| Requirement |
Your copy should match the entries below exactly, apart from the images.

| Supplied material |
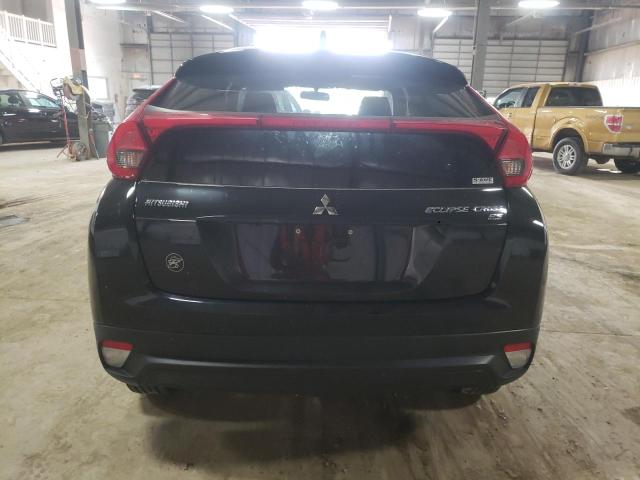 JA4AT3AA2KZ019534 - 2019 MITSUBISHI ECLIPSE CR ES BLACK photo 6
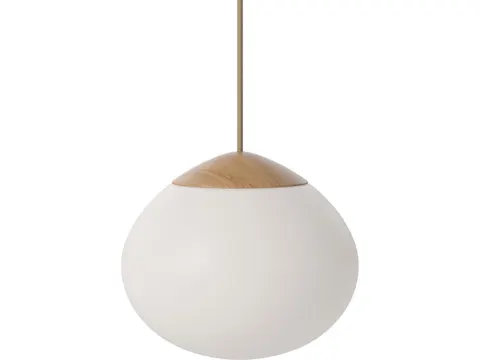 Acorn Pendant - lampa wisząca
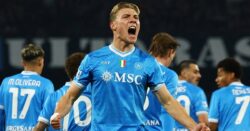 นาโปลีเฉือนยูเว่ 2-1 แซงอินเตอร์กลับขึ้นจ่าฝูงเซเรียอา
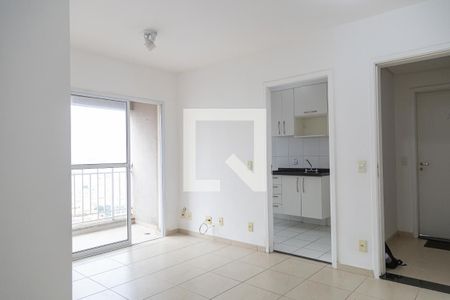 Sala de apartamento para alugar com 2 quartos, 55m² em Quarta Parada, São Paulo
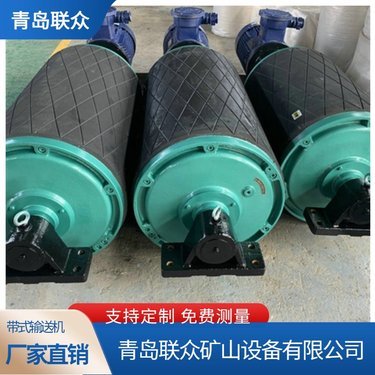 防跑偏立辊
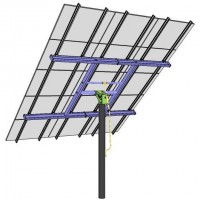 MT Solar 8-TOP-15-60C TPM Complete Kit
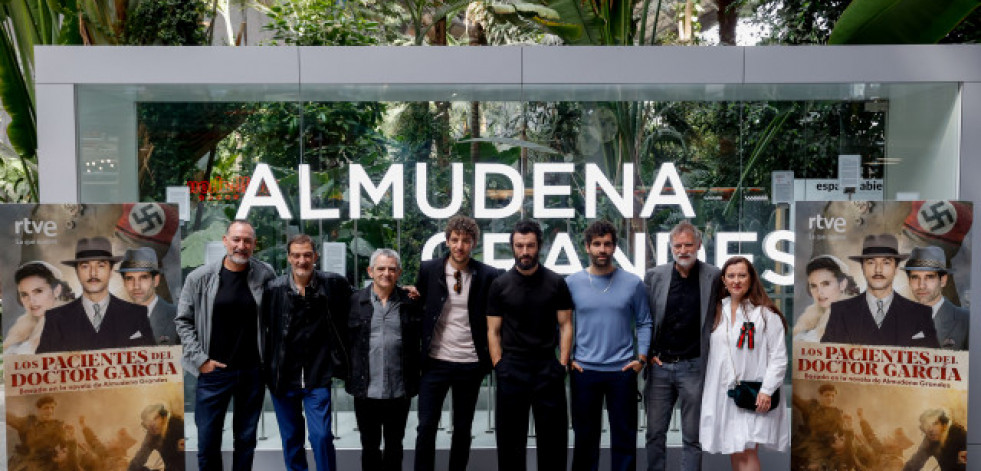 La primera serie de Almudena Grandes llega esta semana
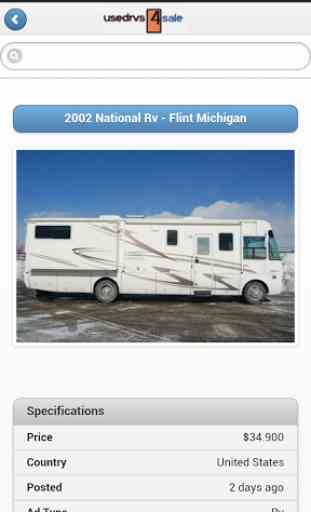 Used RVs For Sale 4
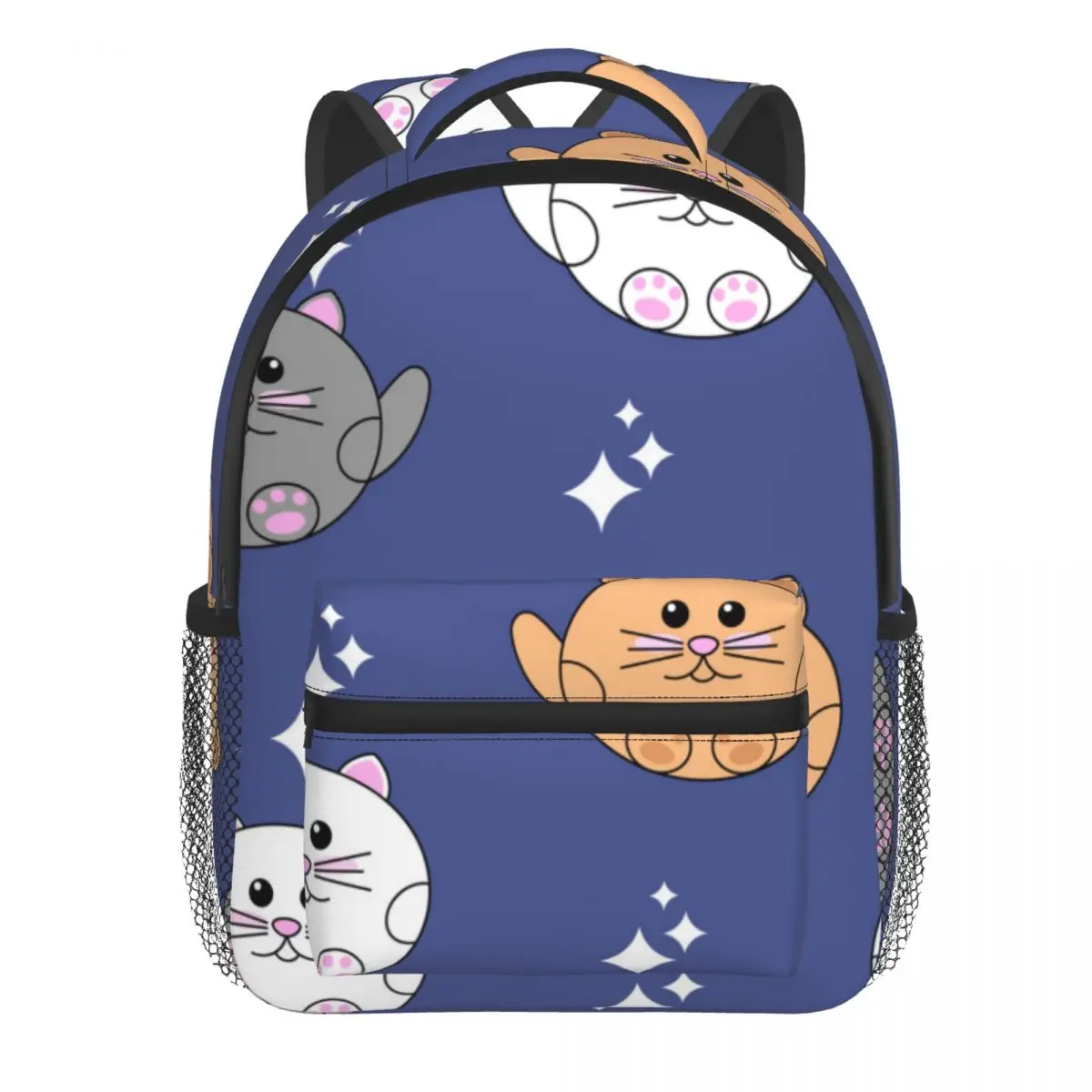 Kawaii Cat Cute Cat Pattern Baby Backpack Kindergarten Schoolbag Kids Children School Bag
Kawaii Cat Cute Cat Pattern Baby Backpack Kindergarten Schoolbag Kids Children School Bag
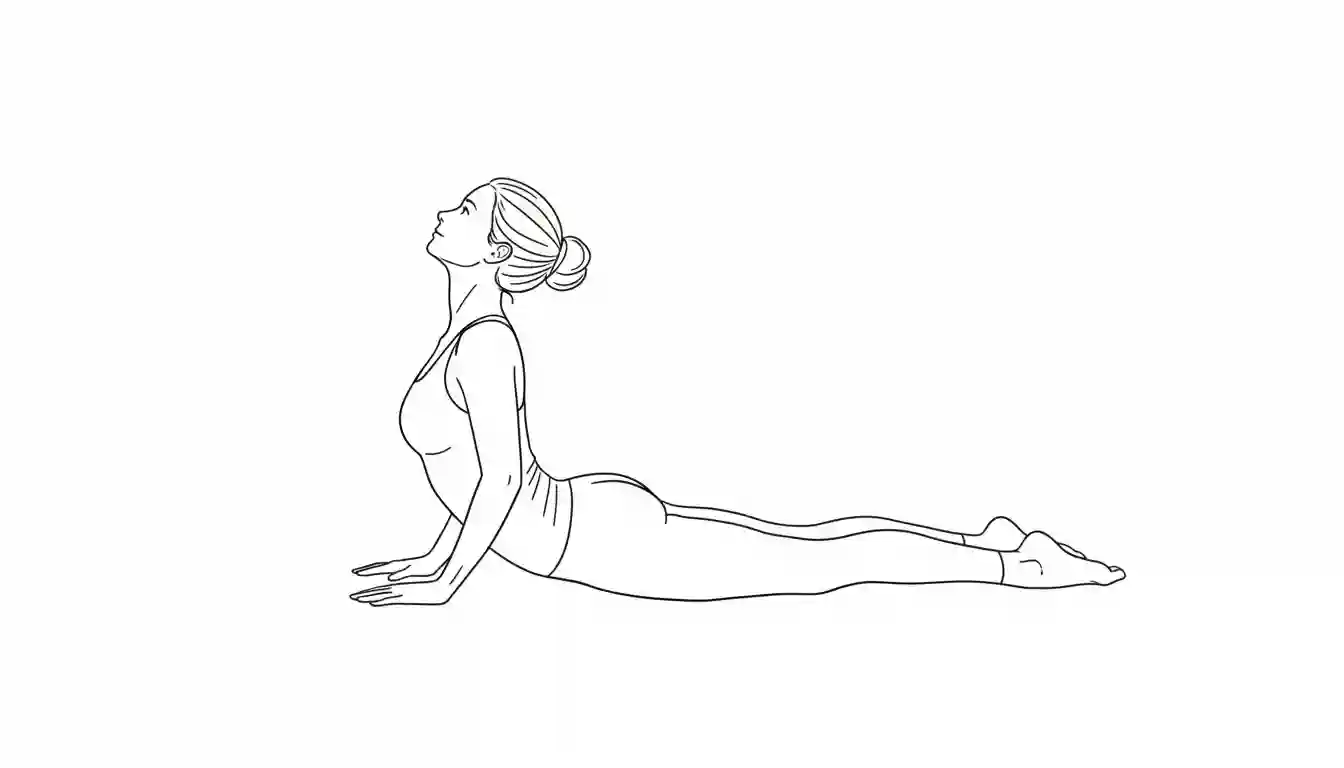 Cobra Pose (Bhujangasana)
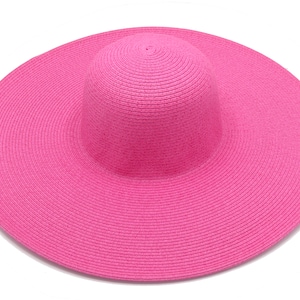 Sunhat Wide Brimmed Hat Sun Shade Hat SPF 50 Sunblock Extra Wide Brim Crushable Hat Travel Hat Straw Fedora Beach Hat Festival Sunhat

| Task output |
 JA4AT3AA2KZ019534 - 2019 MITSUBISHI ECLIPSE CR ES BLACK photo 6
 Acorn Pendant - lampa wisząca
 นาโปลีเฉือนยูเว่ 2-1 แซงอินเตอร์กลับขึ้นจ่าฝูงเซเรียอา
 Sala de apartamento para alugar com 2 quartos, 55m² em Quarta Parada, São Paulo
 防跑偏立辊
 MT Solar 8-TOP-15-60C TPM Complete Kit
 La primera serie de Almudena Grandes llega esta semana
 Used RVs For Sale 4
 Kawaii Cat Cute Cat Pattern Baby Backpack Kindergarten Schoolbag Kids Children School Bag
Kawaii Cat Cute Cat Pattern Baby Backpack Kindergarten Schoolbag Kids Children School Bag
 Cobra Pose (Bhujangasana)
 Sunhat Wide Brimmed Hat Sun Shade Hat SPF 50 Sunblock Extra Wide Brim Crushable Hat Travel Hat Straw Fedora Beach Hat Festival Sunhat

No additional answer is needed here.